With April expiration occurring during the week and traders suffering from a little spring fever as temperatures moved higher, May natural gas futures ventured lower Friday on low-volume trading. After putting in a $7.120 low on the day, the prompt month rebounded a little to settle at $7.210, down 27.7 cents for the day and 24.7 cents lower than the contract’s close in the previous week.
With the April contract going off the board on Wednesday at $7.233, traders were content to take it easy for the remainder of the week, giving the May contract an easy opening as prompt month.
“It was dead out there Friday,” said Brad Florer, a broker with ICAP Energy. “We really gave back a lot of the drift up that we saw during the week. We were moving into the weekend and people came in and took some off the table. There is no real concern on either side, so when there is any sort of quantity, either bidding or selling, the market is going to move 20 cents. I don’t think Friday’s move was significant.”
Florer said he doesn’t see any departure from the market’s sideways motion in the near term. “We seem to have found a bottom here back at that $6.45, so now bears are frustrated and discouraged that despite massive amounts of storage and periodic bearish information bursts, there is no additional selling. On the other side, bulls are afraid to jump in with storage at record levels.
“Until we get a clear look at what summer temps are going to look like and a better idea on what the hurricane season might bring, I think we are destined to see a lot of sideways movement here,” he said.
On Thursday the Energy Information Administration (EIA) released natural gas inventory data showing withdrawals for the week ended March 24. The 104 Bcf withdrawal sent stocks down to 1,705 Bcf. Natural gas storage is now on track to end the withdrawal season March 31 at well over 1,600 Bcf, the highest level since 1,912 Bcf was recorded at the end of March 1991.

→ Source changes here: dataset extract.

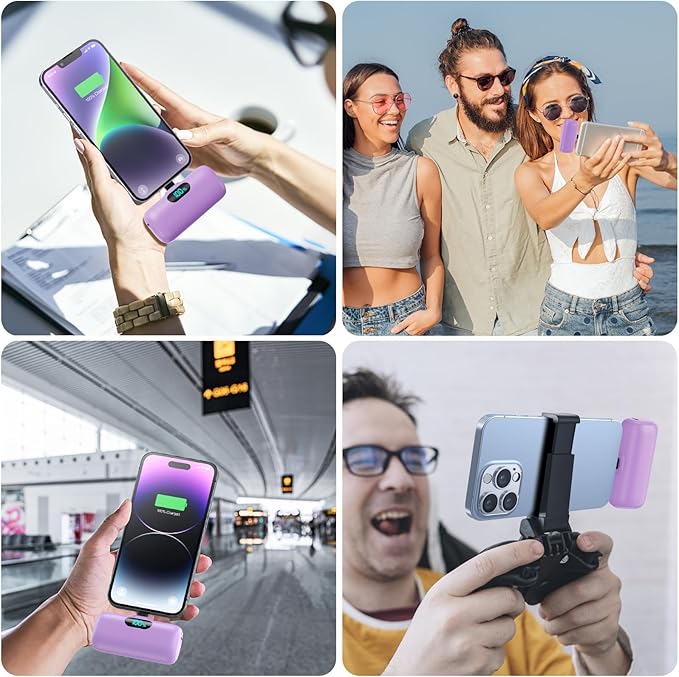 [2 Pack] Small Portable Charger for iPhone,Upgraded 5000mAh PD Fast Charging Power Bank, LCD Display Cute Mini Battery Pack Compatible with iPhone 14/14 Pro Max/13/13 Pro/12 Pro/11/XR/X/8,Black+Purple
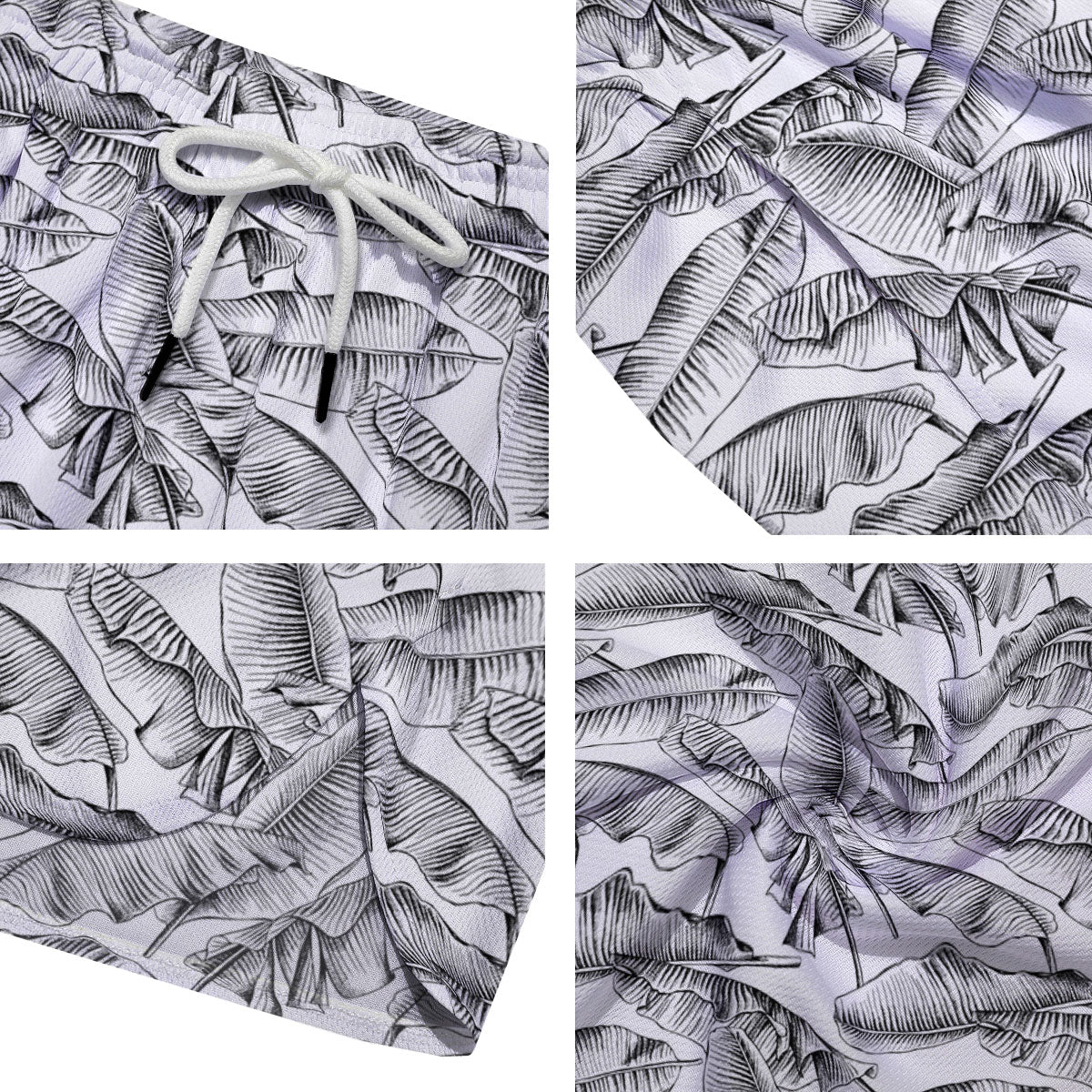 Banana Leaf White And Black Print Men's Running Shorts-grizzshop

Florer said there will likely be at least one more pull from storage before the market begins to see injections. “I’d expect to see at least one more withdrawal, but it really doesn’t matter at this point,” he said. “Storage is set. Even if it was to be a hot spring, I don’t know how much that could affect supplies.”

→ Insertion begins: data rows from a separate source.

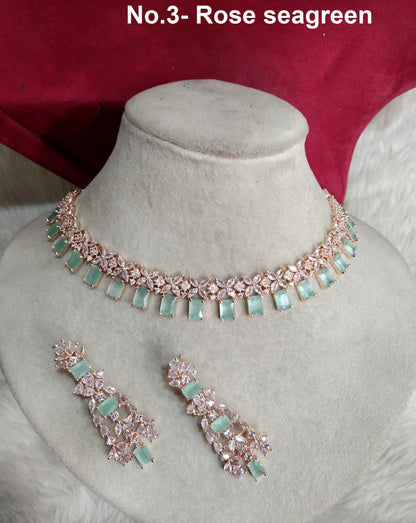 Cubic Zirconia Diamond necklace Earrings set, rose gold, philadelphia phoenix Bridal necklace earrings necklace set CZ necklace set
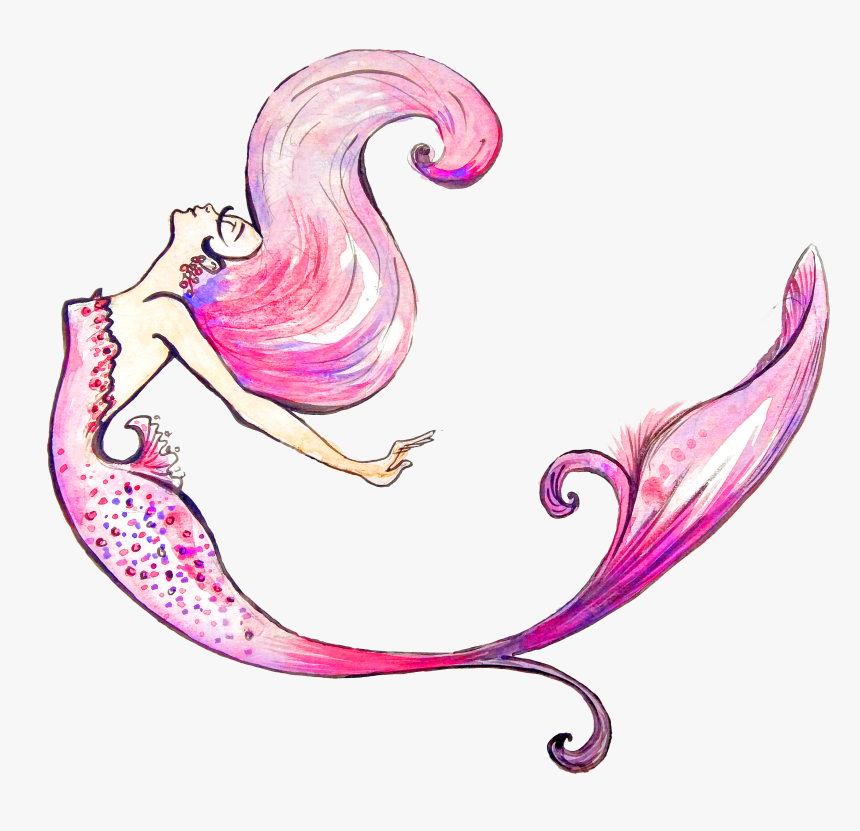 Purple Mermaid Png Download - Mermaid Illustration Png, Transparent Png, Free Download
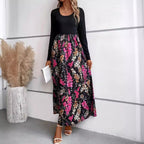 Damen Maxikleid mit floralem Print und langen Ärmeln R&B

Longer term, analysts expect that market uncertainties will provide a cushion for not only natural gas prices but petroleum as well. “Fears of supply interruptions will continue to support crude and [natural] gas prices above the level indicated by the supply-demand balance,” said James Williams, an economist at WTRG Economics.
Others see burdensome supplies as being problematic for higher prices. “The tame winter produced an accumulation of supplies that will be hard to burn through, even with a warm summer,” said Thomas Hartmann, an analyst at Altavest Worldwide Trading. “A scorcher will be needed for people to crank up their ACs for months to reduce this glut before winter rolls around again.”

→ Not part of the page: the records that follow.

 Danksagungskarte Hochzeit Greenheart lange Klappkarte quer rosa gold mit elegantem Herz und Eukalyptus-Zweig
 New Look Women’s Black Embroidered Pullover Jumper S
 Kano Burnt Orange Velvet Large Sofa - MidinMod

Energy bulls also see supply difficulties. According to Sean Brodrick of Weiss Research, the Energy Department has been saying natural gas production is no problem. Yet “it has lowered its outlook for future natural gas production for the past five years in a row,” he said. Potentially disruptive tropical weather is also right around the corner, Brodrick points out. “The hurricane season — with its potential for carnage in the Gulf of Mexico’s ‘energy alley’ — starts in June. Time is short, and all expectations are that this hurricane season will be another busy one. Natural gas is way under priced.” he said.